Baking risotto (rather than cooking it on the stovetop) turns a time-consuming meal into a weeknight-friendly one without sacrificing flavor or texture. This version made with butternut squash was first introduced to our community in January 2016 and received high marks, especially for the topping of roasted spiced pecans that add crunch.
Heat oven to 300F / 149C degrees. Line a sheet pan with foil and spray with nonstick cooking spray.
Combine pecans with egg whites. Add sugar, cinnamon, salt and red pepper flakes (if using) and mix well. Spread pecans on prepared sheet pan. Bake, shaking the pan halfway through cooking, until golden and crisp, ~20 minutes.
While pecans roast, heat a Dutch oven with a lid over medium heat. Add cooking oil and then onions and chard stems to heated oil. Saute until soft, 2 to 3 minutes. Add Italian seasonings and rice and saute until rice is shiny, 3 to 4 minutes. Add wine and simmer until some of the wine is absorbed, ~2 minutes. Add stock, squash cubes and chard leaves. Season with some salt and pepper. Bring to a boil and boil for 2 minutes. Give the risotto a stir and cover with the lid.
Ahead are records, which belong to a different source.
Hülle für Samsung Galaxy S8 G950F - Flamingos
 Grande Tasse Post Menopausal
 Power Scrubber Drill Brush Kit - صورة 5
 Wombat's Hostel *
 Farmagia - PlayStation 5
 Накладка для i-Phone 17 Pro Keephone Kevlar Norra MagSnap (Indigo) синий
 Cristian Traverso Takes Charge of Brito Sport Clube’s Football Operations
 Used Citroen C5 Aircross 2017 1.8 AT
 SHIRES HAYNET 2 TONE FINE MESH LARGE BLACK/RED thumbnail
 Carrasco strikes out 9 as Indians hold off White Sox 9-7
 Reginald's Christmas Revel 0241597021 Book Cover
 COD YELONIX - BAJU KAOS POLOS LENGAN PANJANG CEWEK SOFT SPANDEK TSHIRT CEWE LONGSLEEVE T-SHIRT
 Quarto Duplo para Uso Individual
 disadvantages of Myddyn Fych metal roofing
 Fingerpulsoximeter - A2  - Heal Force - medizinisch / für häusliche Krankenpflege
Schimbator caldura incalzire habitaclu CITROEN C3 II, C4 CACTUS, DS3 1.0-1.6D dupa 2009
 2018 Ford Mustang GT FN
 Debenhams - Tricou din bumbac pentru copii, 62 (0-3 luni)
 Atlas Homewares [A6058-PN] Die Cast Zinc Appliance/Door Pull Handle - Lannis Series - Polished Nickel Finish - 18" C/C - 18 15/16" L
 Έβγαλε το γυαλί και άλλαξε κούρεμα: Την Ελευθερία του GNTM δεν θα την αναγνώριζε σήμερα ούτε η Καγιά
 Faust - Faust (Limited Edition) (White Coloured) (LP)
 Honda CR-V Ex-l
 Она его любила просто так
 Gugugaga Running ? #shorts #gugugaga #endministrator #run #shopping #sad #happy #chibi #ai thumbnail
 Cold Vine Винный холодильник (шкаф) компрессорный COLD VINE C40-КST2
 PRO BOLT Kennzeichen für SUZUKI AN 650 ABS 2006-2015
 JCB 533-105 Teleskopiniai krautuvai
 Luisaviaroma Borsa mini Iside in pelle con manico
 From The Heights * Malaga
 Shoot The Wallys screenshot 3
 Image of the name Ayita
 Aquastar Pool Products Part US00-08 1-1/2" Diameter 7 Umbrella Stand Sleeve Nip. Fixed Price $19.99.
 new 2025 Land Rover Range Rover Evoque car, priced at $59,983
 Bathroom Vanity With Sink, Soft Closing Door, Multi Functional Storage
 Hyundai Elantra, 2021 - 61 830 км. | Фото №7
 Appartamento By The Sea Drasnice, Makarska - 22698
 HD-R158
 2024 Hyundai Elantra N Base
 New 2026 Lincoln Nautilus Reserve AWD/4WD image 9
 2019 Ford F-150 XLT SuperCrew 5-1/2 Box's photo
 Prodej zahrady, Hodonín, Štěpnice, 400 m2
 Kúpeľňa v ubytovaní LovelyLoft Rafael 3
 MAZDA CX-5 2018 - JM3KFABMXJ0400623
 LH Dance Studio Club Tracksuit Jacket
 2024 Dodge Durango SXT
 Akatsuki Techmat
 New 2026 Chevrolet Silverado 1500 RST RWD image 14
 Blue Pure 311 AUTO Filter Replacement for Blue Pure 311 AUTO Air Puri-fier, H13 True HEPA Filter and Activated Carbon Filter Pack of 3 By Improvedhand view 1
Transfer the covered risotto to the oven and increase the heat to 425F / 218C degrees (make sure the pecans are out of the oven before you increase the heat). Bake risotto until all of the liquid is absorbed, ~25 minutes. Stir butter into risotto. Taste and add additional seasonings, if needed.
Serve risotto with parmesan and spiced pecans on top. Enjoy!